---------- ENTRIES PROVIDED

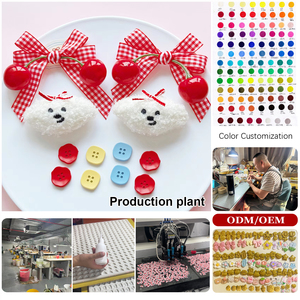 Dijes de Resina Planos Zili, Accesorios de Llavero con Diseño de <span class=keywords><strong>Perro</strong></span> de Peluche, Botones Acrílicos para Ropa, Zapatos y Accesorios, Adorno para Horquillas - Product Image 2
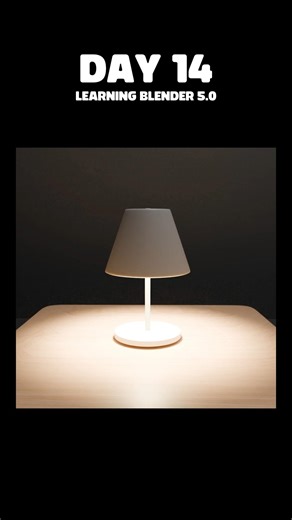 Day 14 learning blender, making a table lamp #3d #blender
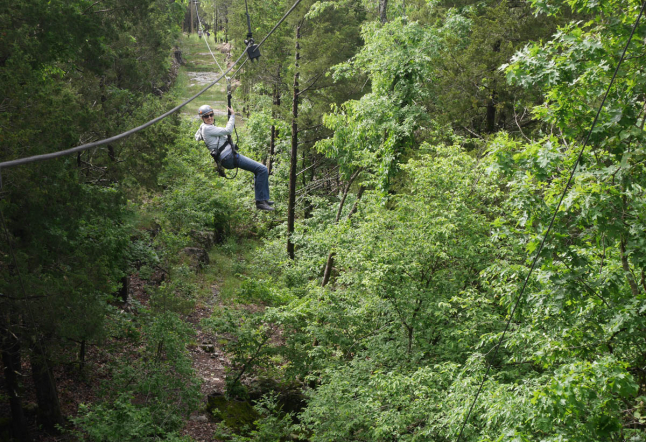 flying high above the ozarks with branson zipline canopy tours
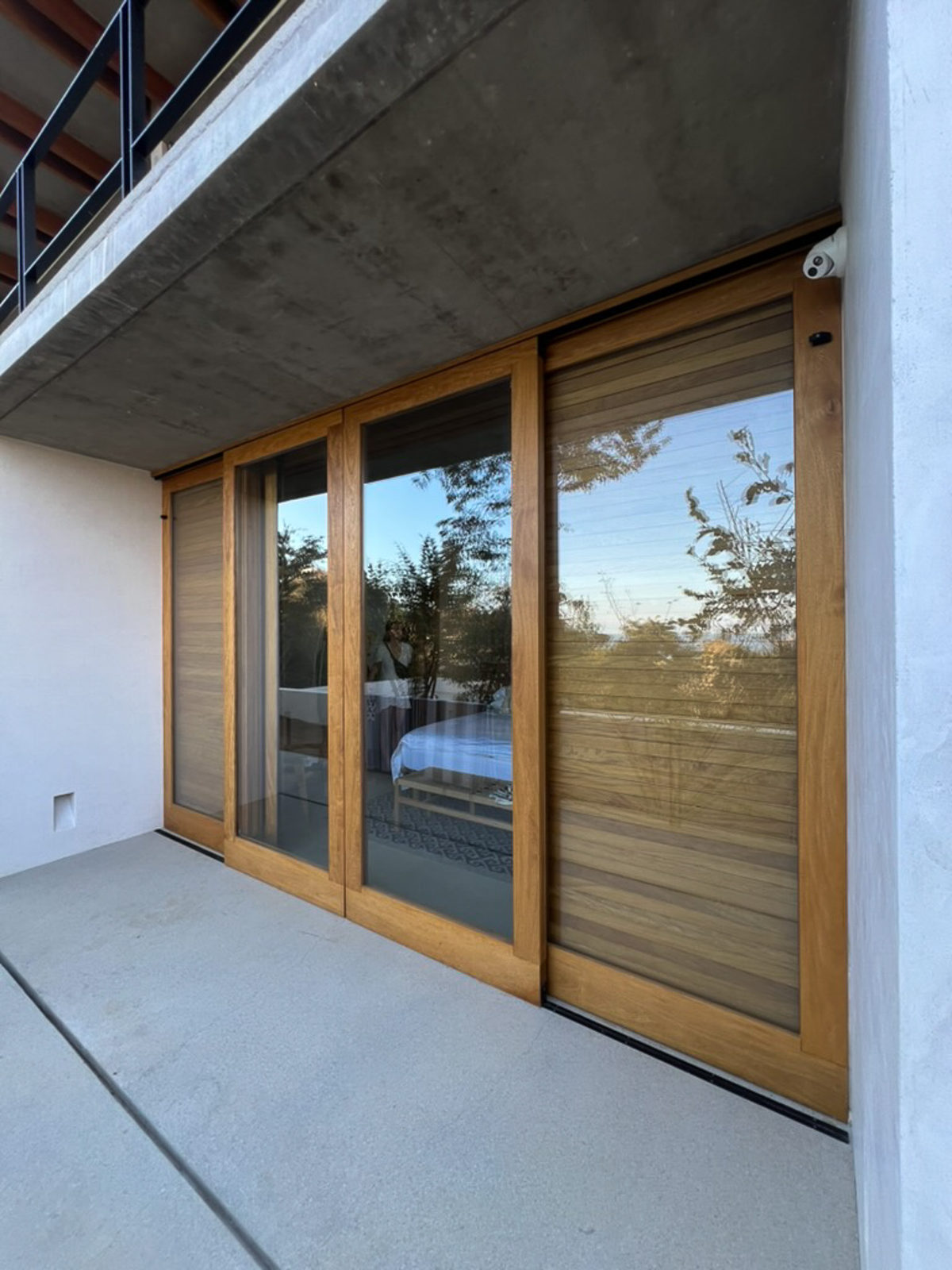 El Guayacán: Ventanas corredizas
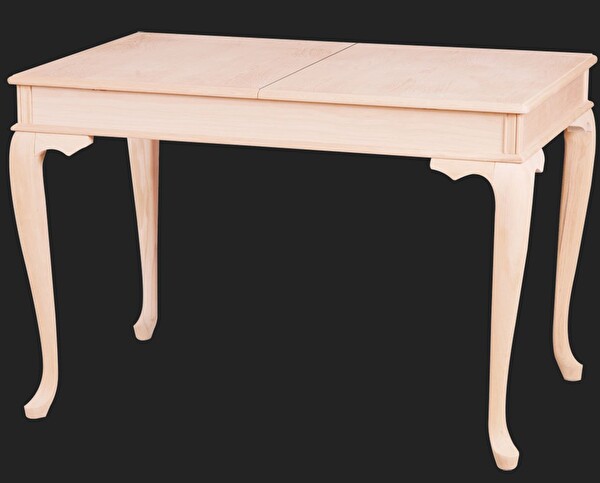 Bengi Ticaret Masa 12528 Klasik Model Kayın Kaplama Aslan Ayak Ham Açılır Tabla Masa El Yapım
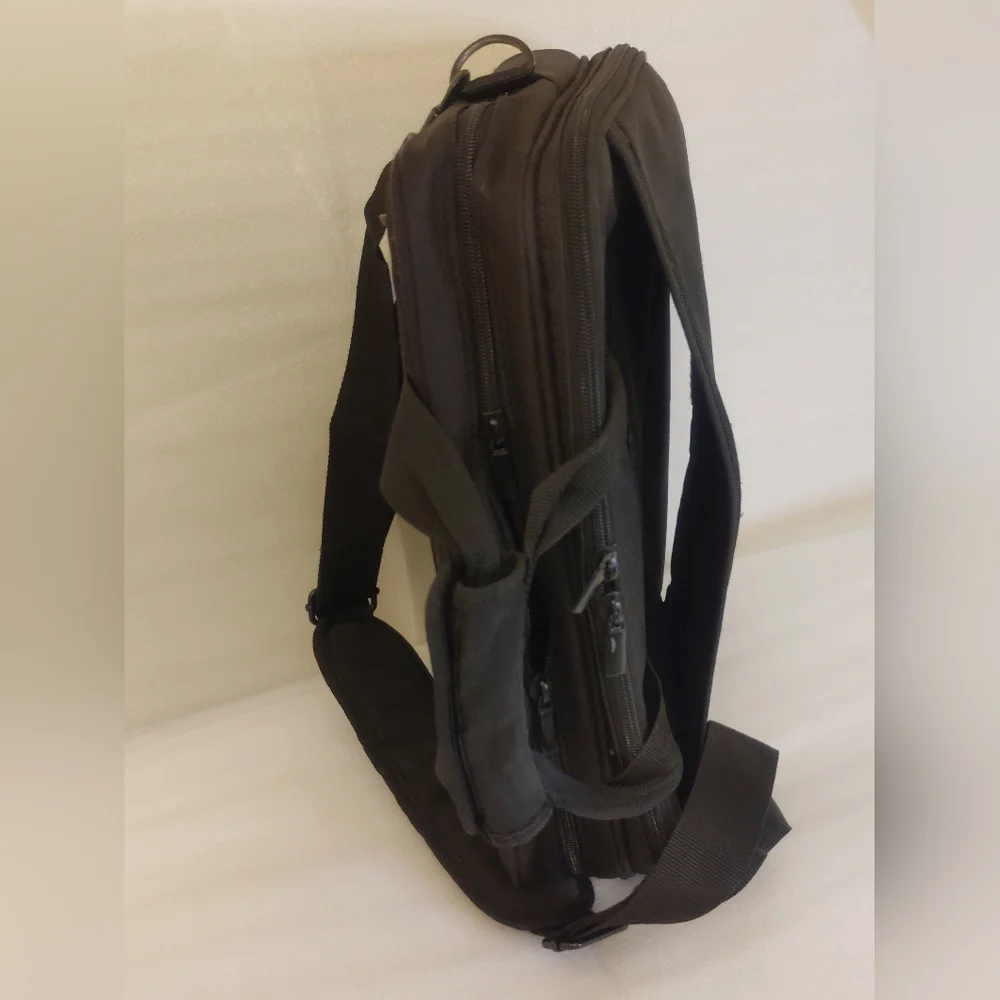Black Laptop Bag with Shoulder Strap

--------------------

*WORK TO BE COMPLETED*
Give back exactly the lines from the one containing "Bengi Ticaret Masa" to the final line of the entries, both included, and no picture.

*YOUR SOLUTION*
 Bengi Ticaret Masa 12528 Klasik Model Kayın Kaplama Aslan Ayak Ham Açılır Tabla Masa El Yapım
Black Laptop Bag with Shoulder Strap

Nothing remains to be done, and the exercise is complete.